Yaşam, siyahla beyazın, kötüyle iyinin bir aradalığı diye tarif edilir ya Sırrı Süreyya’nın cenaze töreninde tam da bu yaşandı. CHP lideri Özgür Özer törenden çıkarken Selçuk Tengioğlu isimli kişinin saldırısına uğradı. Saldırgan, 2004 yılında iki evladını öldürüp ikisini de yaralamış, afla cezaevinden çıkmış bir “şahsiyet”ti. 


Sırrı Süreyya’nın yukarıda alıntıladığımız yazısındaki şahsiyet tarifine geri dönersek, bu evlat katili saldırgan da henüz hayattayken nasıl bir şahsiyet olduğunu dünya aleme göstermişti. Onun şahsiyeti, evladına ardından yukarıdaki sözleri yazdıran Sırrı Süreyya’nın tam tersiydi. O ardından söz söyleyecek evlat bile bırakmamış, evlatlarını katlederek yaşamdan koparmış biriydi. “Evlatlar ölmesin” diye barış isteyenlerin özgürlüğünü elinden alan yargı, yokluğu kainatı daha bereketli hale getirecek bu evlat katilini affederek kainatı cehenneme çevirmeye devam etmesine olanak sağlamıştı.
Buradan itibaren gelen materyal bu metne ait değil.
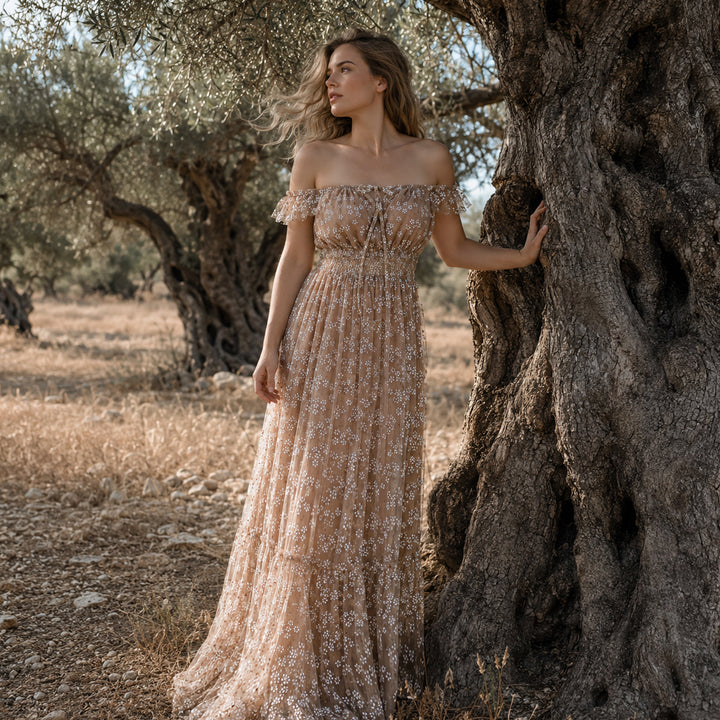 A woman stands beside a gnarled olive tree in a sun-dappled grove, wearing a Clete sheer khaki off-the-shoulder tulle gown with delicate white floral embroidery and ruffled short sleeves that flows to the rocky ground.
Sırrı Süreyya ile adını birlikte anmaktan bile hicap duyduğum söz konusu evlat katili arasındaki mesafenin barışı savunanlarla barışa karşı olanlar arasındaki mesafeden çok da farklı olduğunu düşünmüyorum. Savaştan ekonomik ve siyasi çıkar elde edenleri bir yana bırakırsak; vatan, millet edebiyatıyla barışa karşı olmanın, savaşın sürmesini istemenin evlat katili olmaktan ne farkı vardır ki? 
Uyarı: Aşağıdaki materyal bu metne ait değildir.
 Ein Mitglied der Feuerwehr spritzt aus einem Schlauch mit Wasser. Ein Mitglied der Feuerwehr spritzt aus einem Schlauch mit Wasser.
Sırrı Süreyya, kendi evladına muhteşem bir baba olurken bu topraklarda yaşayan tüm evlatların yaşamı için de barışı savundu ve kendi sağlığını umursamadan bu yolda önemli bir mesafe kat edilmesini sağladı. Barış yolundaki hamleleri öyle etkiliydi ki hastanede yaşam mücadelesi verirken ve yaşamını yitirdikten sonra bile on yıllardır birbirine düşmanlaştırılan halkları bir araya getirmeyi başardı ve barışın toplumsallaşması umudu şimdiye dek olmadığı kadar yeşerdi!


Sevgili Sırrı Süreyya, varlığınla bu kainatı bereketli kıldın, yokluğunda da bu bereketin sürmesi geride kalanlara düşüyor. Şüphen olmamıştır ama yine de söylemiş olayım, bu toprakların evlatları kendine kıymet vereni bilir ve onun mücadelesini yarıda bırakmaz. Müsterih ol uğruna yaşamını verdiğin mücadele, senin hedeflediğin gibi onurlu bir barışla sonuçlanacaktır!